Hi! My name is Scarlett, I'm new here. I'm a 20-year old cat mom with 2 boys. Freshy is my 2 1/2 year old buff tabby adopted from a local shelter, and Peanut is my year old brown tabby that a client at one of my jobs had found tucked in her car engine one rainy, cold october night. I have a human baby on the way next month, and am happily married to my husband Danney.

I've been a veterinary technician for about 2 years now, although I'm taking a break from work until I have the baby. I've worked with animal rescue organizations and feral cat trap and release in the past.

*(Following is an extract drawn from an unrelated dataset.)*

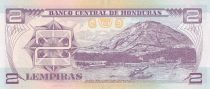 Honduras 2 Lempiras - Marco Aurelio Soto - Isle of Tiger - 2019 - Serial AR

I don't really know what else to say about myself but...nice to meet everyone!


----------



## jessamica8 (Aug 17, 2004)

Nice to meet you too; welcome to the forum!


----------



## marie73 (Jul 12, 2006)

Welcome! We'd love to see pictures.


----------



## chaoticborders (Nov 27, 2006)

Welcome!!


----------



## Jeanie (Jun 18, 2003)

Hi, and welcome, Scarlett!


----------



## Leazie (Apr 14, 2007)

Welcome and congratulations on the up coming baby!!


----------



## DesnBaby (Apr 18, 2004)

Scarlett!  Pictures would be great. :wink:


----------



## kitkat (Sep 22, 2003)

Welcome to Cat Forum Scarlett :wink:


----------



## dmcwlvssr (Apr 24, 2005)

Hello and Welcome to you and the fur gang


----------



## MaxZmom (Feb 21, 2007)

Hello and Welcome to the forum. Nice to me you! Can't wait to see pics of your 2 boys. Happy Posting!


----------